Could dream engineering help you solve problems while you sleep?
The sleeping brain could be gently steered to revisit complex puzzles, improving the chance of solving them in the morning, research has suggested

So now we know that sleeping on it actually can help!


Burnout has competition

For a long time, burnout was what workers feared most. Now the fear of AI taking our jobs has climbed to first place.

But when something becomes feared, there are of course courses to help you avoid it! Everyone on LinkedIn has become an AI expert, and there's no shortage of sharing about vibecoding and "prompt engineering". Callum Borchers from the Wall Street Journal writes about how you can best prepare for the AI era – without having to shell out for a load of courses that don't actually help you on your way.


Want to make money? Give Trump a statue

That's the hope for a group of crypto speculators who've spent nearly two years completing a statue of Donald Trump.

Memecoins are a speculative type of crypto, meant for gambling your money. The currencies are usually rooted in humour, or a specific type of meme that's gone viral.

The purpose of a memecoin is to get the value as high as possible, and ride the wave as long as possible before you sell everything and rack up a tidy profit.

A group of - they call themselves investors - have paid $300,000 to create a giant statue of Donald Trump. The statue, named "Don Colossus", is to be given as a gift to the president, and their hope is that the statue will be placed on Trump's golf course in Florida.

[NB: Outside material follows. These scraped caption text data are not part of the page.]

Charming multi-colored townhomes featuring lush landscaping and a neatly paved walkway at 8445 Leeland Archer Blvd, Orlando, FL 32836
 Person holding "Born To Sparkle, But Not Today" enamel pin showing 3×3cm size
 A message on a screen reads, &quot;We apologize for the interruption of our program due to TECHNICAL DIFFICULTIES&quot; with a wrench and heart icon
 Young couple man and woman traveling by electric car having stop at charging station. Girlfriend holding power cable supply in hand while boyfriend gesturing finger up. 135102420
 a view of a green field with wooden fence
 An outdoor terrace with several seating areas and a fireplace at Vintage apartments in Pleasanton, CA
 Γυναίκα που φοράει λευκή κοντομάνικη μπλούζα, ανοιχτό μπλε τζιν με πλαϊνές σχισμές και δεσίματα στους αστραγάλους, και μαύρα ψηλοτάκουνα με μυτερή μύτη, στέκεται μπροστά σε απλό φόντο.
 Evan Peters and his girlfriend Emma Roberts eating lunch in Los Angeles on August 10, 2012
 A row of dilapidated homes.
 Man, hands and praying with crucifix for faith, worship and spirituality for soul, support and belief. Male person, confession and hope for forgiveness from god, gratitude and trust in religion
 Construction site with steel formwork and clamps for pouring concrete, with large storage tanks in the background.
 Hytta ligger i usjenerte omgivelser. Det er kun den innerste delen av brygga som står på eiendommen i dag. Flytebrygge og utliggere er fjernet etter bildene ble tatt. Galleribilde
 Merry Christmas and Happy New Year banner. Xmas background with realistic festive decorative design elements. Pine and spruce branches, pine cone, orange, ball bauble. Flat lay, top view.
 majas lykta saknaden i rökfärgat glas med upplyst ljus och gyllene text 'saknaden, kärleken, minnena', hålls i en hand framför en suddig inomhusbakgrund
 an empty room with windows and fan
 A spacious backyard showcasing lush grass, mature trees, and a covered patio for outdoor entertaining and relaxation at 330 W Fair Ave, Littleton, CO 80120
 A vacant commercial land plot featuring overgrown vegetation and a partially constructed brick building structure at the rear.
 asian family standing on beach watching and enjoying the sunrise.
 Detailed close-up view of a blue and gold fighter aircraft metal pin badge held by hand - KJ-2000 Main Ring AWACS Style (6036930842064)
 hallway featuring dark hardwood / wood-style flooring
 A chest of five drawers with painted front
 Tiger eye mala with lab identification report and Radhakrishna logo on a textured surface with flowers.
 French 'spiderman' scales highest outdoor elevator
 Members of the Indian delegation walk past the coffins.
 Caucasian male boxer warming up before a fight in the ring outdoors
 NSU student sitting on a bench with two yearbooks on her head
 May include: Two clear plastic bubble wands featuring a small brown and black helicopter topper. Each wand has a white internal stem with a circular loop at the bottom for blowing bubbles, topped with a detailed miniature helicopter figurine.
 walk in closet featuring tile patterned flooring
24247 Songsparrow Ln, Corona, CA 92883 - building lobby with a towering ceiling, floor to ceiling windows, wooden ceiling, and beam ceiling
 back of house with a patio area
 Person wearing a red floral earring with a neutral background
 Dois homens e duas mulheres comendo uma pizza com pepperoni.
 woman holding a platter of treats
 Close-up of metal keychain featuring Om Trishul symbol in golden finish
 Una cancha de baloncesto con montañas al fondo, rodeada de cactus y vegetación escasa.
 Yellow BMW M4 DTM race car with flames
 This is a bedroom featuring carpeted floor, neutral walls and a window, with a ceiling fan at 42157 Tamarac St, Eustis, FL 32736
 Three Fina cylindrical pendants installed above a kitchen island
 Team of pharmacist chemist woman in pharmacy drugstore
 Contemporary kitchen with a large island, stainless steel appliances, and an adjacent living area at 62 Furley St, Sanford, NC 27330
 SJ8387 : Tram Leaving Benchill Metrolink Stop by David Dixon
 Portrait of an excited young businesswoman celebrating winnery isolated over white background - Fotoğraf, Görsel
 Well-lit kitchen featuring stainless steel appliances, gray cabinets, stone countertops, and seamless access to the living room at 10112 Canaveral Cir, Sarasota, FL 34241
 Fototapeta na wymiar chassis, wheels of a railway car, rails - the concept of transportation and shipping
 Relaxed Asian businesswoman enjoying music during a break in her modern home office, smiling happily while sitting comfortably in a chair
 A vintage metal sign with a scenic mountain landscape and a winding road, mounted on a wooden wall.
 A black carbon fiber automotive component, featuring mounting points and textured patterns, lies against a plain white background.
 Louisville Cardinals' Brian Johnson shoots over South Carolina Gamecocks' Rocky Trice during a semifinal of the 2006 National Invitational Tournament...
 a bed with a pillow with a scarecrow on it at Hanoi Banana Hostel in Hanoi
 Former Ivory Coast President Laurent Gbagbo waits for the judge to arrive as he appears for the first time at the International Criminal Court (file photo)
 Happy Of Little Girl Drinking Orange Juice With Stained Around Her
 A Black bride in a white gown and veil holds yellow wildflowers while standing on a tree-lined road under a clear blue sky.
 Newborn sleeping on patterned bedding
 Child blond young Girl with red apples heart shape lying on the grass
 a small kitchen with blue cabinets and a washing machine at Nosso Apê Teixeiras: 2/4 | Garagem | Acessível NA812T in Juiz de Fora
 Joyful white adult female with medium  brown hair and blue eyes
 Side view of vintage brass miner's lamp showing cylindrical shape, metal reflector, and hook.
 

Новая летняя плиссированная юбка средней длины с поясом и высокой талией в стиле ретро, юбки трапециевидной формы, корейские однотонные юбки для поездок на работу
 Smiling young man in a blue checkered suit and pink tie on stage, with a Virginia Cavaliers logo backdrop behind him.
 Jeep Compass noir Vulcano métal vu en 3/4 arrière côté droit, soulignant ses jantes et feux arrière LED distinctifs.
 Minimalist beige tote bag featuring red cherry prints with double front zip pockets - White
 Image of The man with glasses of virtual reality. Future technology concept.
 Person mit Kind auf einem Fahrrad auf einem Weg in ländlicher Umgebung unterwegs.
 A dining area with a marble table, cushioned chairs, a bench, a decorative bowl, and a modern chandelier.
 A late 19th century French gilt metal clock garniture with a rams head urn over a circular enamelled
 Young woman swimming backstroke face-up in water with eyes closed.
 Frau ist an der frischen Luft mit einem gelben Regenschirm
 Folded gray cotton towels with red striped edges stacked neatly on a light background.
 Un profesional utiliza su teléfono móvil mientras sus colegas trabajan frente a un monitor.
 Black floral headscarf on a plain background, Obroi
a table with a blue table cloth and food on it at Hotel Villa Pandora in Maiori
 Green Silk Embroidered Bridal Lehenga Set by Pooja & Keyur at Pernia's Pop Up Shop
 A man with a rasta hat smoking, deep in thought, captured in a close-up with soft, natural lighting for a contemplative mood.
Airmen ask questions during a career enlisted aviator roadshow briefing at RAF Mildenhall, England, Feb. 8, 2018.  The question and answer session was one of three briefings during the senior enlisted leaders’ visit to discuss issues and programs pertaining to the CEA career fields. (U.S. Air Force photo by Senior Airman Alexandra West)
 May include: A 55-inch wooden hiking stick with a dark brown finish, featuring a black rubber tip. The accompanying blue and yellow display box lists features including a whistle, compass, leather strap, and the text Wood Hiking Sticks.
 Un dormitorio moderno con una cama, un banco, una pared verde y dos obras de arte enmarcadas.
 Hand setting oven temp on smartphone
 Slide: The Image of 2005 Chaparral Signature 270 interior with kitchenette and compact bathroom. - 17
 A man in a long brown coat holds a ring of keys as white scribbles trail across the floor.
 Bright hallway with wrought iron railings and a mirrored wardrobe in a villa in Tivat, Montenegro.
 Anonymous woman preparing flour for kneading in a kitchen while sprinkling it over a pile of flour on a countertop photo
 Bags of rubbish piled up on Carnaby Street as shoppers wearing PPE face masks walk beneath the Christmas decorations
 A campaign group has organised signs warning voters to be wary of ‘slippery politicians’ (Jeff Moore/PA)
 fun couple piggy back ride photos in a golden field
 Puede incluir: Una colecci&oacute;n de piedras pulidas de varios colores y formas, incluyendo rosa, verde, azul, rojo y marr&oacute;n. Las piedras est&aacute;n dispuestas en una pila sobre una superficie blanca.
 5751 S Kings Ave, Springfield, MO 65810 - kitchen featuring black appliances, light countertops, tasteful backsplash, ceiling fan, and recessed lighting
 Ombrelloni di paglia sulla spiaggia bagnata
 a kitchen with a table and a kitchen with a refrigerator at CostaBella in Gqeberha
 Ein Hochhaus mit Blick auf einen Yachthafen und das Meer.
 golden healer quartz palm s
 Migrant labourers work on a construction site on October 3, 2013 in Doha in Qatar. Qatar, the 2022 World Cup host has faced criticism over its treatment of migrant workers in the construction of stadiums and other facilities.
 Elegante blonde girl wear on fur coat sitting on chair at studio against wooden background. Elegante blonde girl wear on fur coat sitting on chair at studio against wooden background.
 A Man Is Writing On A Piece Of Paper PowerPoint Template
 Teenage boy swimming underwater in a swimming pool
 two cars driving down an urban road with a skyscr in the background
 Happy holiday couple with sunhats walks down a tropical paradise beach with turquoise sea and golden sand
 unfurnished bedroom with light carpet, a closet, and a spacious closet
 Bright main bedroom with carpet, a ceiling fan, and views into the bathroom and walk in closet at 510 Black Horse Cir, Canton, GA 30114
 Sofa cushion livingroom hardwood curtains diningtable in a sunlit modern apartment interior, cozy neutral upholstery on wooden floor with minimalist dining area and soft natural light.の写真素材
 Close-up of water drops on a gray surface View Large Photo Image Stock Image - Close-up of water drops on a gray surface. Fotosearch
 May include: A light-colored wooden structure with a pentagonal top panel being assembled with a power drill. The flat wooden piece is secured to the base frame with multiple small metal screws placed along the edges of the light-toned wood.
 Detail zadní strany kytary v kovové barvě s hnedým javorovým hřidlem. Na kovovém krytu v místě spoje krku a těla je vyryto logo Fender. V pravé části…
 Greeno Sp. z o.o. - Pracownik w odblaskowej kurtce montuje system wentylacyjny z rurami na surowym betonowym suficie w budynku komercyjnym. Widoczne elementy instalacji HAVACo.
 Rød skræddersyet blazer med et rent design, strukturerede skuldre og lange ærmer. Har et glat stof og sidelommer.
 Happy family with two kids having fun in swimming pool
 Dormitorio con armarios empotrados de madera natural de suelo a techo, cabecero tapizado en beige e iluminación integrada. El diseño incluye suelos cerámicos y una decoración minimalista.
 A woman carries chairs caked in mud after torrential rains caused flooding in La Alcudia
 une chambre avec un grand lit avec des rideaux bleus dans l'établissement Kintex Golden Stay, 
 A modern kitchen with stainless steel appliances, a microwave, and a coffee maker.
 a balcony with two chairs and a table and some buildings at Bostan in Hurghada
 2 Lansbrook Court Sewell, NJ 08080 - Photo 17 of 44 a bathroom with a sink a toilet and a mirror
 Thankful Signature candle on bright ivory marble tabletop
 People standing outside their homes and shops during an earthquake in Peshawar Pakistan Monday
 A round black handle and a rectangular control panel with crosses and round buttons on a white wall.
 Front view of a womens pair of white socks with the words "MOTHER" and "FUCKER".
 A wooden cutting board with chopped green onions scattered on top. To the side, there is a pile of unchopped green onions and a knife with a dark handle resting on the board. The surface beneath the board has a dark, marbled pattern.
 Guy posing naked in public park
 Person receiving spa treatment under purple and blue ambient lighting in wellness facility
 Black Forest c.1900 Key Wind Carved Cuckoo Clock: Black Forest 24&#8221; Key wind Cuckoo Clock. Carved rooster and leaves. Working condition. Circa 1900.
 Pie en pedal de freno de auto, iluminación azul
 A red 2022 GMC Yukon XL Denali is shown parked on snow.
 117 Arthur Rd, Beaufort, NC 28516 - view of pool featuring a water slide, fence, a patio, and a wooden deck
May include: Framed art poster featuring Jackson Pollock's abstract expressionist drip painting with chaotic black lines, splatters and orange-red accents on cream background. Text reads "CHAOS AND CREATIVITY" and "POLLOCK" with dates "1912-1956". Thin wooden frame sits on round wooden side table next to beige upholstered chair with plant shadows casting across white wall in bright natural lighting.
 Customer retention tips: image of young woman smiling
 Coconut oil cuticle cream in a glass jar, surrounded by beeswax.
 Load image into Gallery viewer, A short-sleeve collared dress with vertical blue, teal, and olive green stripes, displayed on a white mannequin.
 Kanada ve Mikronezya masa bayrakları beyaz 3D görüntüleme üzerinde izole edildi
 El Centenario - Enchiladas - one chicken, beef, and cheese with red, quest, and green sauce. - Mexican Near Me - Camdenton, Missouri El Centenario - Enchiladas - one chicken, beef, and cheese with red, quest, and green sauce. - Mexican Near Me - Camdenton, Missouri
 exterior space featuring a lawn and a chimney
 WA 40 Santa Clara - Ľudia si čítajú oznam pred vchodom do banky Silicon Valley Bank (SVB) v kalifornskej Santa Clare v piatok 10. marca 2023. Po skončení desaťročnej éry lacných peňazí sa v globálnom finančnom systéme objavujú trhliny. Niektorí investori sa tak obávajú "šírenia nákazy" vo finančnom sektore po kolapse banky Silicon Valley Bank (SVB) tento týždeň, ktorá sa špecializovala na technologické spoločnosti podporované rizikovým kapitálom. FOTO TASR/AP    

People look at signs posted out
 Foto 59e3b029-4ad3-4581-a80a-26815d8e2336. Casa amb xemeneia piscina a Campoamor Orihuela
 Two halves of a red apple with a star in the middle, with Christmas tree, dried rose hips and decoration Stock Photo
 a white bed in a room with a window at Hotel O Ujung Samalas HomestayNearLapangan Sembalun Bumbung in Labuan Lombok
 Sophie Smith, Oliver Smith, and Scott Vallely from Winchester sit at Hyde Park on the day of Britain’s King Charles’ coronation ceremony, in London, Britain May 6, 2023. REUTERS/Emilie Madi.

At the same time, they've documented the process and launched a cryptocurrency called $PATRIOT. But the gang might end up holding the short straw. The cryptocurrency's value has plummeted by 90 per cent since January last year and is unlikely to become the path to riches the "investors" had hoped for.

Unless Donald Trump uses his own social media platform to encourage people to buy the digital coin, that is. The statue is gilded, after all – and we've all understood that Mr DJT is keen on gold.